WORK ITEM: Although pictures appear in the data, the answer should contain only the lines from its start through the line with "Hagibis Magnetic Stand", written out exactly.

-------- STORED DATA --------

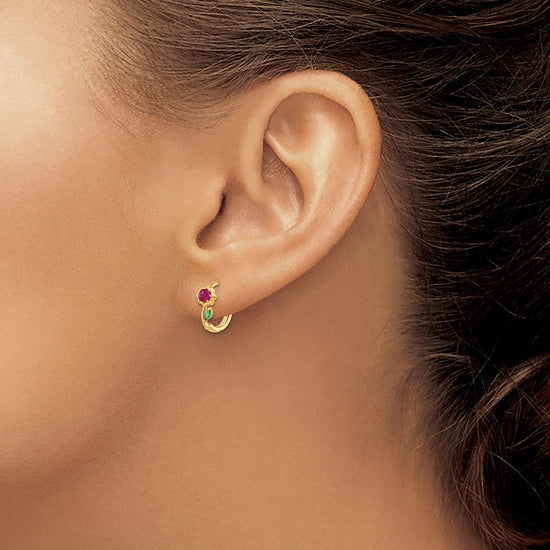 14k Madi K Red and Green CZ Childrens Hinged Hoop Earrings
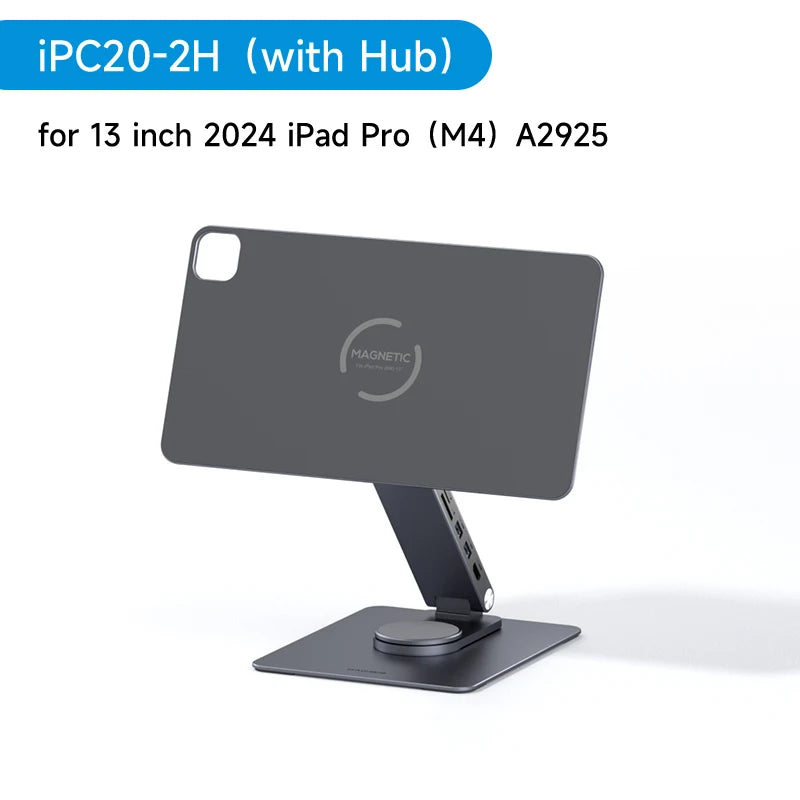 Hagibis Magnetic Stand for iPad Pro M4 2024 11inch 13inch with Hub Tablet Docking Station 360° Adjustable Mount Foldable Holder - Intechlegent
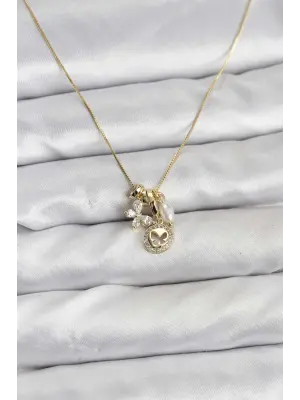 Gold Renk Çelik Minimal Kelebek Charmlı Kadın Kolye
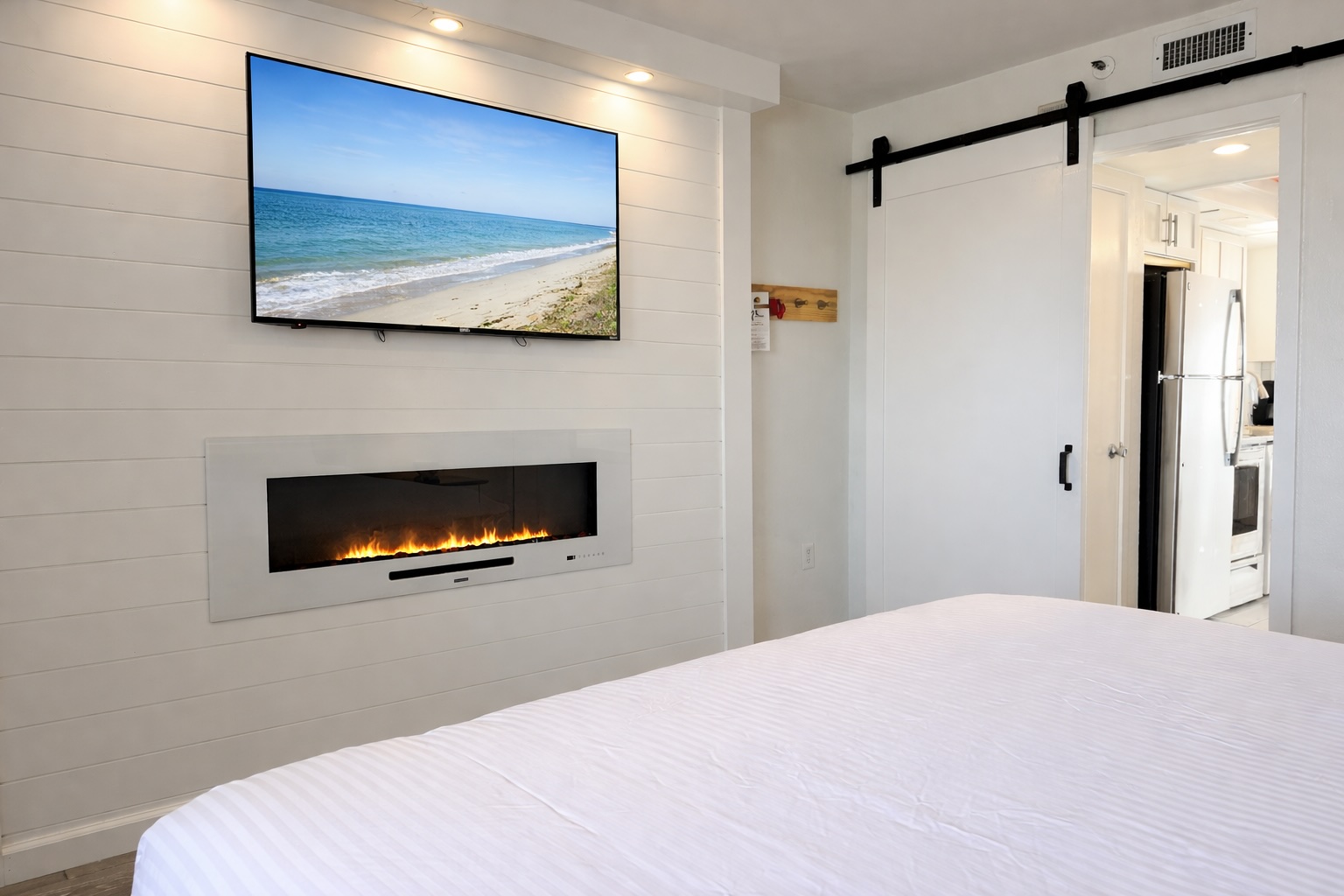 fireplace for setting the mode for a movie night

--------

ANSWER TO THE PROBLEM:
 14k Madi K Red and Green CZ Childrens Hinged Hoop Earrings
 Hagibis Magnetic Stand for iPad Pro M4 2024 11inch 13inch with Hub Tablet Docking Station 360° Adjustable Mount Foldable Holder - Intechlegent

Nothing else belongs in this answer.